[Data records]
····················

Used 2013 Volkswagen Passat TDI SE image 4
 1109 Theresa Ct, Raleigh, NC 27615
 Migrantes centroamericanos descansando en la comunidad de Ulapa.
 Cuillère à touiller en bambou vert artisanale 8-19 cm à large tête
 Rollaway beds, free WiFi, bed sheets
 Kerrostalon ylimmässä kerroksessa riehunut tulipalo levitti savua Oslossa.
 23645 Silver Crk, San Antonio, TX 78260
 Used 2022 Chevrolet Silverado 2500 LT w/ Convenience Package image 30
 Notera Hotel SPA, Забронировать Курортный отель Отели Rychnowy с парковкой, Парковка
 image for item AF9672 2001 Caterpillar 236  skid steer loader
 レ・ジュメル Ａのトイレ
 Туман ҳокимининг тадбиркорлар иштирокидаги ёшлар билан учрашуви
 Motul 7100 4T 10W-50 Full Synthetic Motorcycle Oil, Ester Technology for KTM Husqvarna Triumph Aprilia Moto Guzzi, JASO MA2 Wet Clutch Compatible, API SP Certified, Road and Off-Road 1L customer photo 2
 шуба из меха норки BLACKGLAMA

····················

PROBLEM TO SOLVE - Send back exactly the lines from the line with "Notera Hotel SPA, Забронировать" through the end of the records.

EXERCISE OUTPUT -
 Notera Hotel SPA, Забронировать Курортный отель Отели Rychnowy с парковкой, Парковка
 image for item AF9672 2001 Caterpillar 236  skid steer loader
 レ・ジュメル Ａのトイレ
 Туман ҳокимининг тадбиркорлар иштирокидаги ёшлар билан учрашуви
 Motul 7100 4T 10W-50 Full Synthetic Motorcycle Oil, Ester Technology for KTM Husqvarna Triumph Aprilia Moto Guzzi, JASO MA2 Wet Clutch Compatible, API SP Certified, Road and Off-Road 1L customer photo 2
 шуба из меха норки BLACKGLAMA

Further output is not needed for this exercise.